▶ **What is required**
Where the data below has the string "with", return the whole line.

▶ **Records provided**
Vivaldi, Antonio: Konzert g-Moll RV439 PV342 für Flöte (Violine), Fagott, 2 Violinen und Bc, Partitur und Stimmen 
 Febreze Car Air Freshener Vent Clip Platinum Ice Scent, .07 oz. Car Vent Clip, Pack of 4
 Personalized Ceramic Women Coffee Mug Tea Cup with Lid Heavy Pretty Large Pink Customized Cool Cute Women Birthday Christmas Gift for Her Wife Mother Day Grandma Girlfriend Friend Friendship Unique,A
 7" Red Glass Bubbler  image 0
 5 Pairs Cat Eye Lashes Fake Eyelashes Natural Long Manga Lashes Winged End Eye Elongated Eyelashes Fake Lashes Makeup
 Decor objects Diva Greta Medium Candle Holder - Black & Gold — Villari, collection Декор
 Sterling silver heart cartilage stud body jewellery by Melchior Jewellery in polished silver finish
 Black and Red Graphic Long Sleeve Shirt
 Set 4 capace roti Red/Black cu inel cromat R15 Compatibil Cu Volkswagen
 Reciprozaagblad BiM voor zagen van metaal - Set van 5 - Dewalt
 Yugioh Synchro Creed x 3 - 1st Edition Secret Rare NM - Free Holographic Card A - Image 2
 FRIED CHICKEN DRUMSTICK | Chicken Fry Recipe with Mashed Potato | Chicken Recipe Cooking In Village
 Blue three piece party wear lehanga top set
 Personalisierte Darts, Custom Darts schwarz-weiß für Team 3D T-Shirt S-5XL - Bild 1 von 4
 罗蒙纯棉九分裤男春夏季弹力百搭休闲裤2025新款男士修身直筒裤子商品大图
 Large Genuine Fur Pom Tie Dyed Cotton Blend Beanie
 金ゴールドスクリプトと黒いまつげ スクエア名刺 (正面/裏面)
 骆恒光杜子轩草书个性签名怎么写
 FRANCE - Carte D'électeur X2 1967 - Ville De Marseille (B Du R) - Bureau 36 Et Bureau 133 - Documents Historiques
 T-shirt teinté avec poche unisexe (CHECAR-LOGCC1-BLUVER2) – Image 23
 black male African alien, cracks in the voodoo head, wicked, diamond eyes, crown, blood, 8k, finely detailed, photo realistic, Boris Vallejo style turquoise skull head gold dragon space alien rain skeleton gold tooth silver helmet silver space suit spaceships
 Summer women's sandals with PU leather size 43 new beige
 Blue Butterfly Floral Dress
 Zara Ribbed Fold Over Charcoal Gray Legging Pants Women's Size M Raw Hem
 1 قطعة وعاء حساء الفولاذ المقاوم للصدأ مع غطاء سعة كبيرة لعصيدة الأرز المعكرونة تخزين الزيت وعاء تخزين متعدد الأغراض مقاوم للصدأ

▶ **Task solution**
 Personalized Ceramic Women Coffee Mug Tea Cup with Lid Heavy Pretty Large Pink Customized Cool Cute Women Birthday Christmas Gift for Her Wife Mother Day Grandma Girlfriend Friend Friendship Unique,A
 FRIED CHICKEN DRUMSTICK | Chicken Fry Recipe with Mashed Potato | Chicken Recipe Cooking In Village
 Summer women's sandals with PU leather size 43 new beige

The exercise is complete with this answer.